STORED DATA:

= = = = = = =

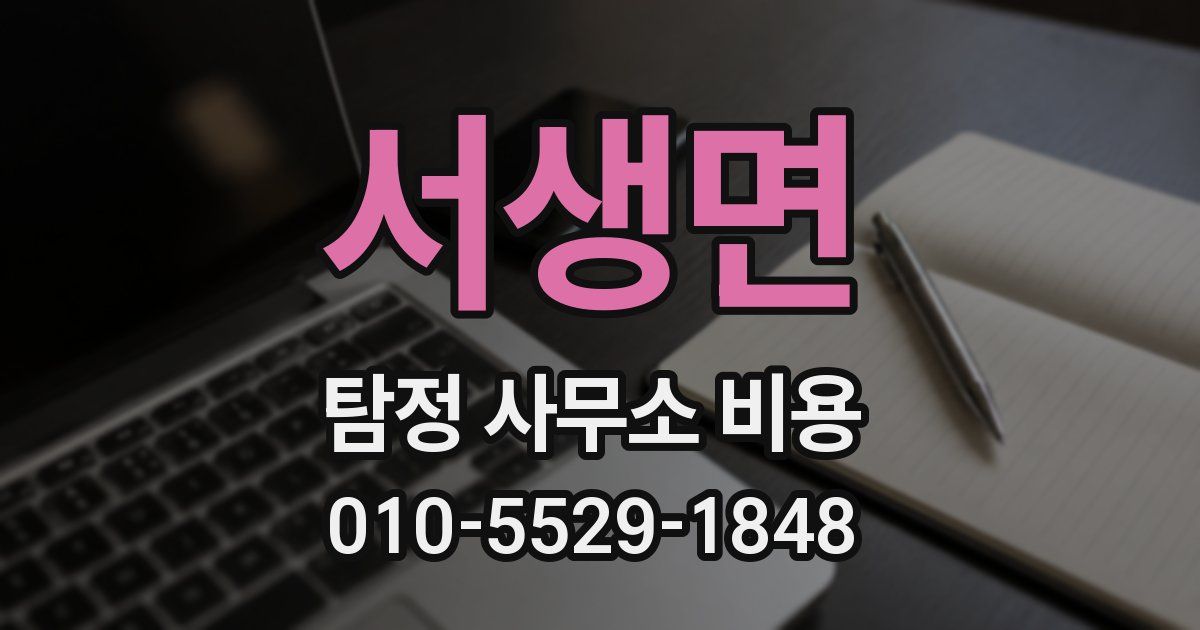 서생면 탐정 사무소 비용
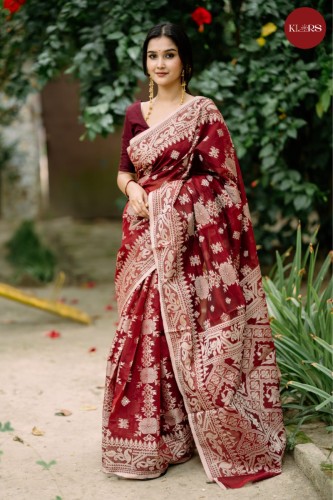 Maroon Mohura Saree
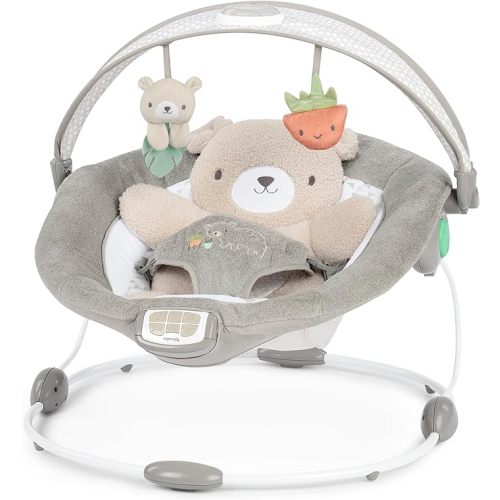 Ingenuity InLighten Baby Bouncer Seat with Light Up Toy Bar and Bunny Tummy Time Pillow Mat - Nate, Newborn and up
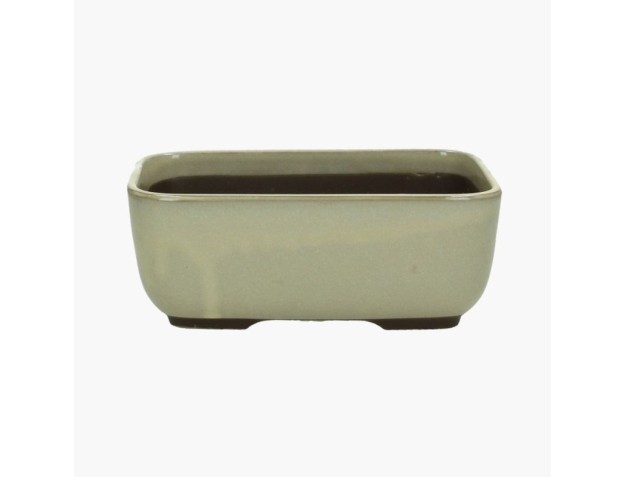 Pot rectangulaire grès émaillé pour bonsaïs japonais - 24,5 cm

= = = = = = =

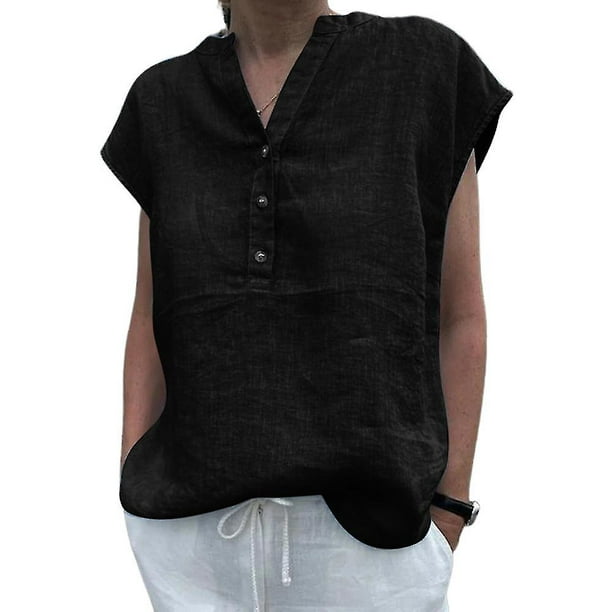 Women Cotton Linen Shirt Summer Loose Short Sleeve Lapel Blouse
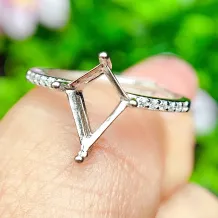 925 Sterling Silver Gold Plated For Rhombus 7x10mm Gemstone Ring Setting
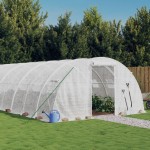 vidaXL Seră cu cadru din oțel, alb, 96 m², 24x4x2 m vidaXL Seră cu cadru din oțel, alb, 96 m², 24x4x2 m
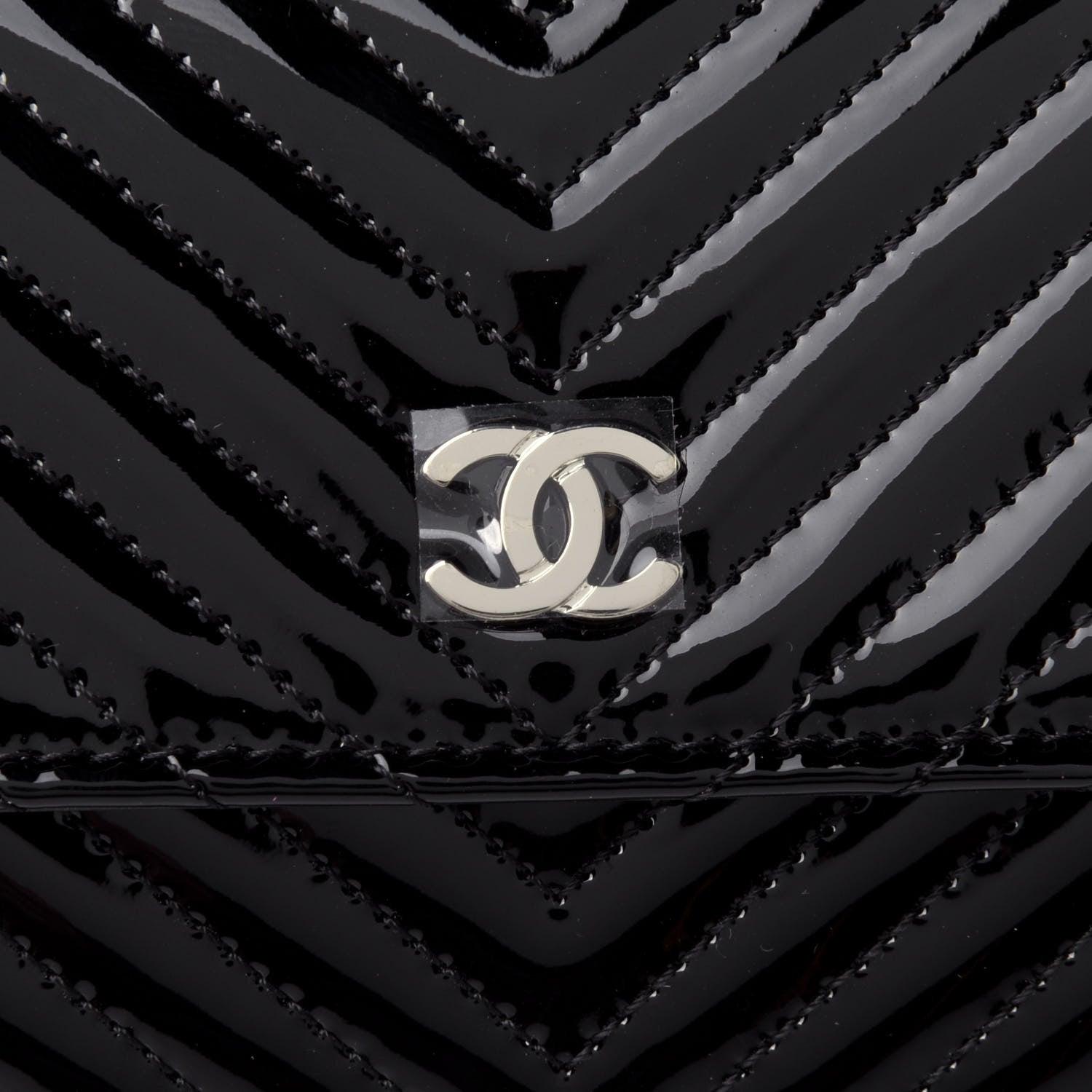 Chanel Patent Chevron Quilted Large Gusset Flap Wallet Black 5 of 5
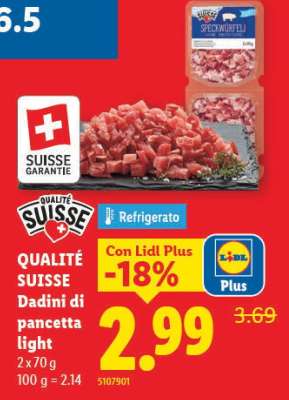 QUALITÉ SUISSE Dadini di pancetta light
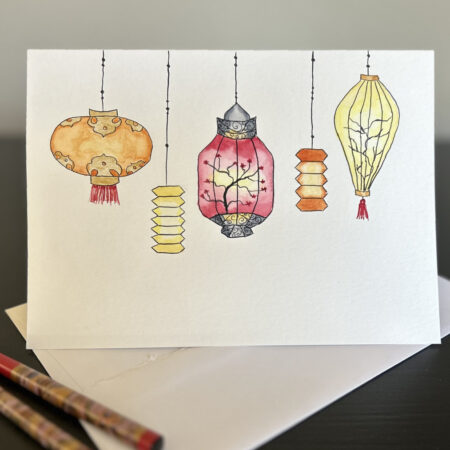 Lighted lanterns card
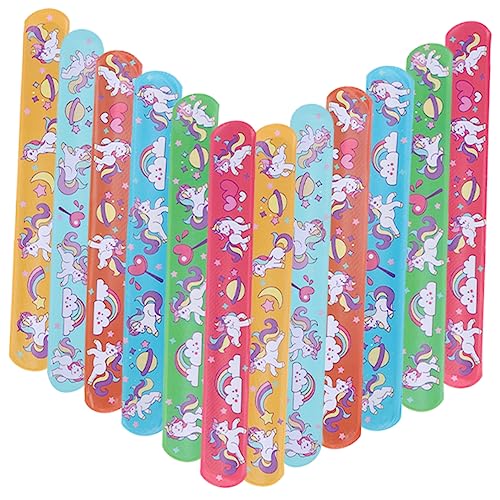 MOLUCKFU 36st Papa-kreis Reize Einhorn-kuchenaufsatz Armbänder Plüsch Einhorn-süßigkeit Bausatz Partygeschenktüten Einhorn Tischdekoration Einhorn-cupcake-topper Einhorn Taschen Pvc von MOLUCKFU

= = = = = = =

INSTRUCTIONS FOR THE TASK: Copy out exactly the lines above beginning with the line that contains "서생면 탐정 사무소 비용" and finishing with the line that contains "Pot rectangulaire grès", including both; leave the pictures out.

RESPONSE AREA:
 서생면 탐정 사무소 비용
 Maroon Mohura Saree
 Ingenuity InLighten Baby Bouncer Seat with Light Up Toy Bar and Bunny Tummy Time Pillow Mat - Nate, Newborn and up
 Pot rectangulaire grès émaillé pour bonsaïs japonais - 24,5 cm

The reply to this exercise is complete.